Member of the Chamber of Deputies
- In office 15 May 1949 – 15 May 1965
- Constituency: 4th Departamental Group

Personal details
- Born: 28 September 1915 La Serena, Chile
- Died: 30 April 1997 (aged 81) Santiago, Chile
- Party: Liberal Party
- Spouse: Joyce Goudie Abbott
- Parent(s): Ernesto Peñafiel Varela María Cristina Illanes Torres
- Alma mater: Colegio San Ignacio, Santiago
- Occupation: Farmer

= Juan Peñafiel =

Chilean farmer and politician (1915-1997)

Juan Ernesto Peñafiel Illanes (28 September 1915 – 30 April 1997) was a Chilean farmer and politician, member of the Liberal Party.

== Biography ==
Born in La Serena on 28 September 1915, he was the son of Ernesto Peñafiel Varela and María Cristina Illanes Torres. He completed his early studies at the Seminary of La Serena and later attended the Colegio San Ignacio in Santiago.

He married Joyce Goudie Abbott in 1947. Dedicated to agricultural activities, he managed the family estate “La Calera” located in the Elqui Province.

== Political career ==
A member of the Liberal Party, Peñafiel began his political life as a councilman (regidor) of La Serena between 1947 and 1949. He left municipal office to run for national parliament and was elected Deputy representing the Departmental Grouping of La Serena, Coquimbo, Elqui, Illapel, Combarbalá and Ovalle for the legislative period 1949–1953.

During his first term, he served on the Permanent Commission of Constitution, Legislation, and Justice. Reelected for three consecutive terms (1953–1957, 1957–1961, and 1961–1965), he participated in commissions related to Economy and Commerce, Public Health and Social Assistance, and Mining and Industry.

In addition to his legislative work, he served as counselor of the State Railways Retirement and Welfare Fund (1957) and later as advisor to LAN Chile (1960).
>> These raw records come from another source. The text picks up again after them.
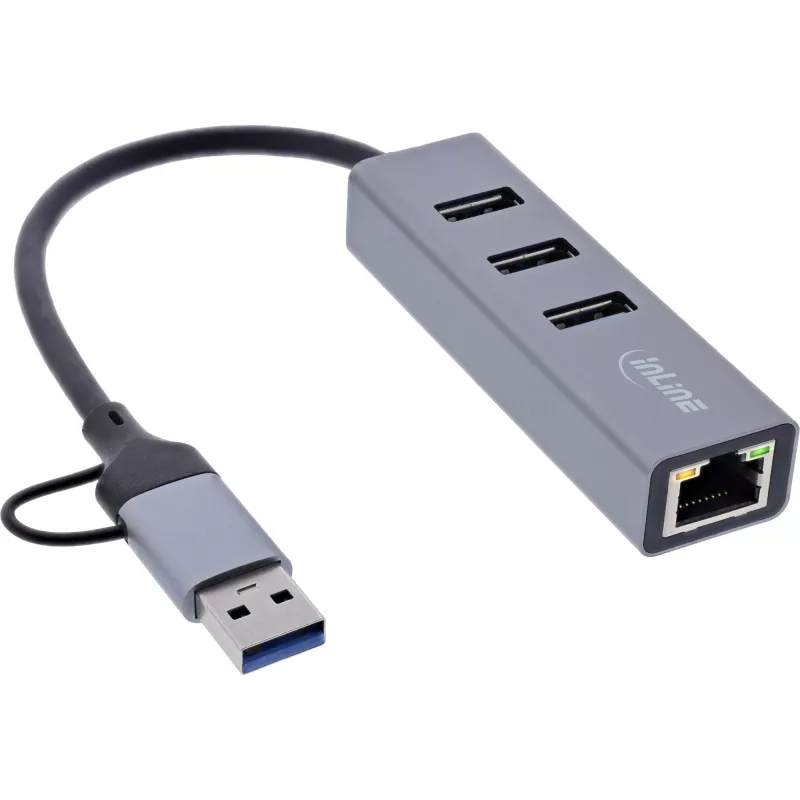 InLine 33380S koncentrator interfejsów USB 3.2 Gen 1 (3.1 Gen 1) Type-A + Type-C 5000 Mbit/s Szary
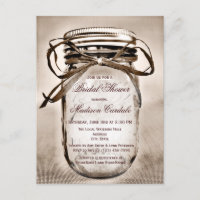 CARTÃO POSTAL Rustic Mason Jar Chá de panela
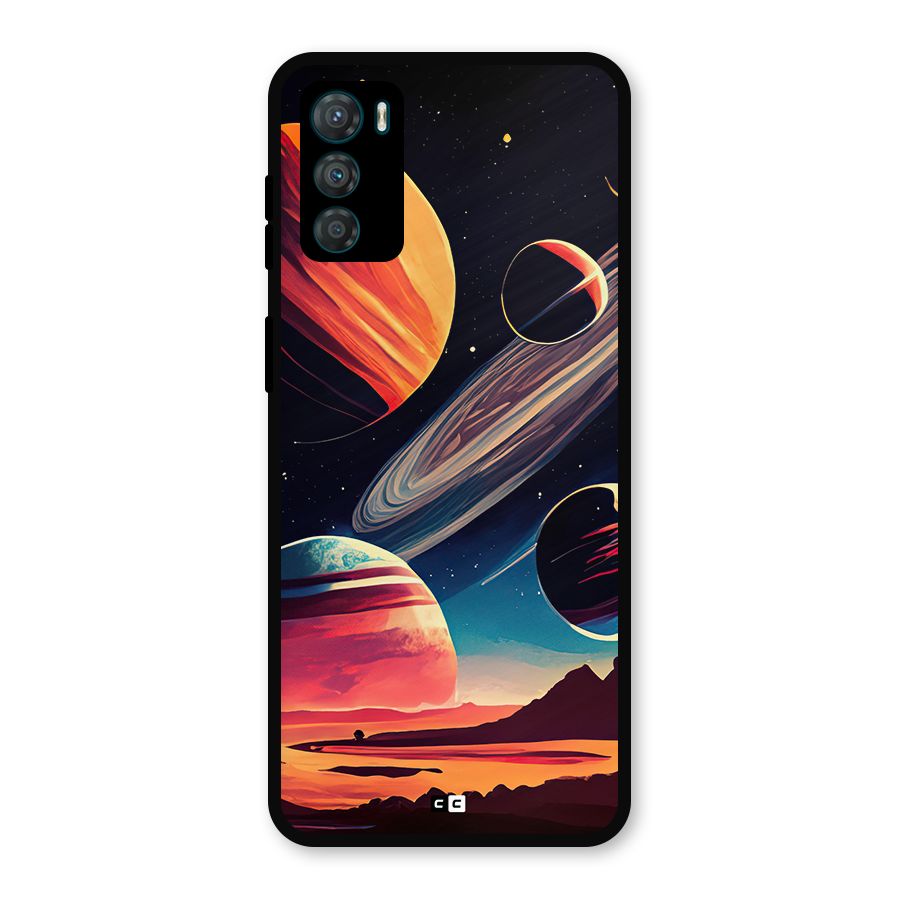 Space Planets Metal Back Case for Moto G42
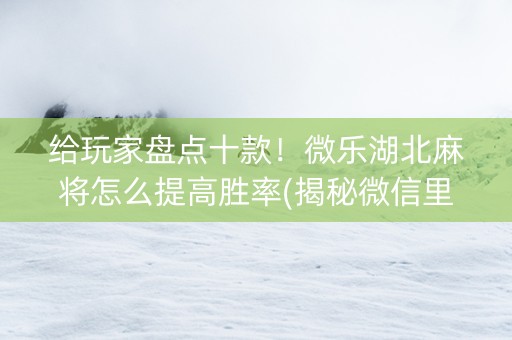 给玩家盘点十款！微乐湖北麻将怎么提高胜率(揭秘微信里自建房怎么赢)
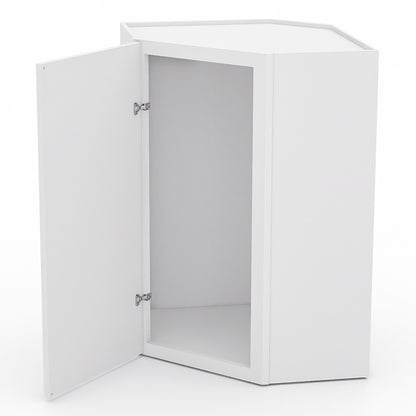 White Shaker Wall Diagonal Cabinets - 30/36H - 1 Door / 2 Shelves WDC243612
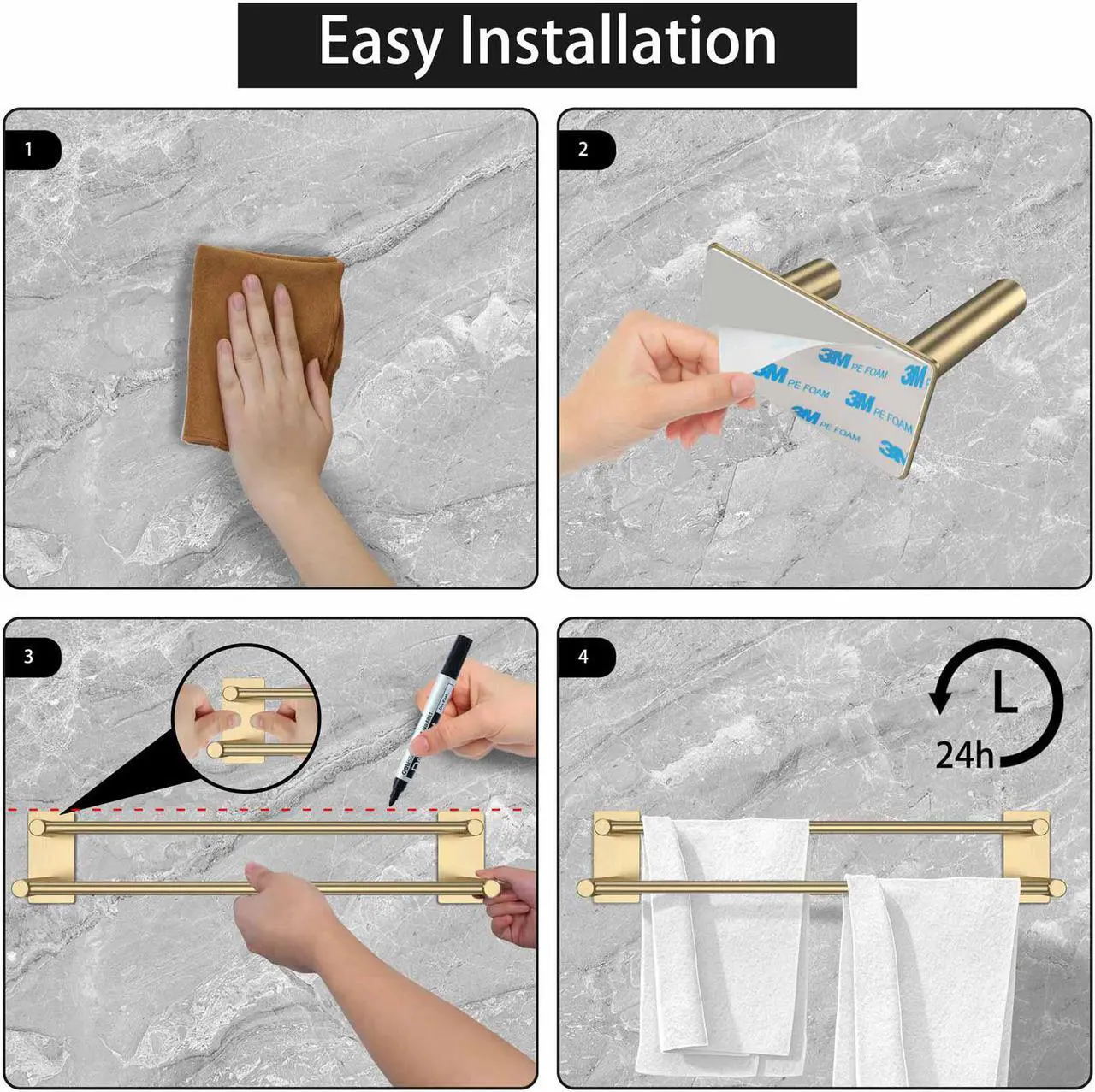 Alt view image 7 of 7 - Double Bath Towel Bar, 15.75 inch Towel Racks for Bathroom & Kitchen, Wall Mounted Brushed Stainless Steel Hand Towel Holder Rust/Scratch Resistant No Drilling - Self Adhesive Gold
His parliamentary work focused on regional development and infrastructure for the Coquimbo Region.

== Other activities ==
Peñafiel was a civil pilot and member of the Agricultural Society of the North and the Social Club of La Serena. His social life was closely linked to the economic and civic circles of northern Chile. He died in Santiago on 30 April 1997 at the age of 81.

== Bibliography ==
- Diccionario Histórico y Biográfico de Chile, Fernando Castillo Infante (ed.), Editorial Zig-Zag, Santiago, 1996.
- Historia Política de Chile y su Evolución Electoral 1810–1992, Germán Urzúa Valenzuela, Editorial Jurídica de Chile, Santiago, 1992.
- Memoria Parlamentaria 1961–1965, Cámara de Diputados de Chile, Santiago, 1966.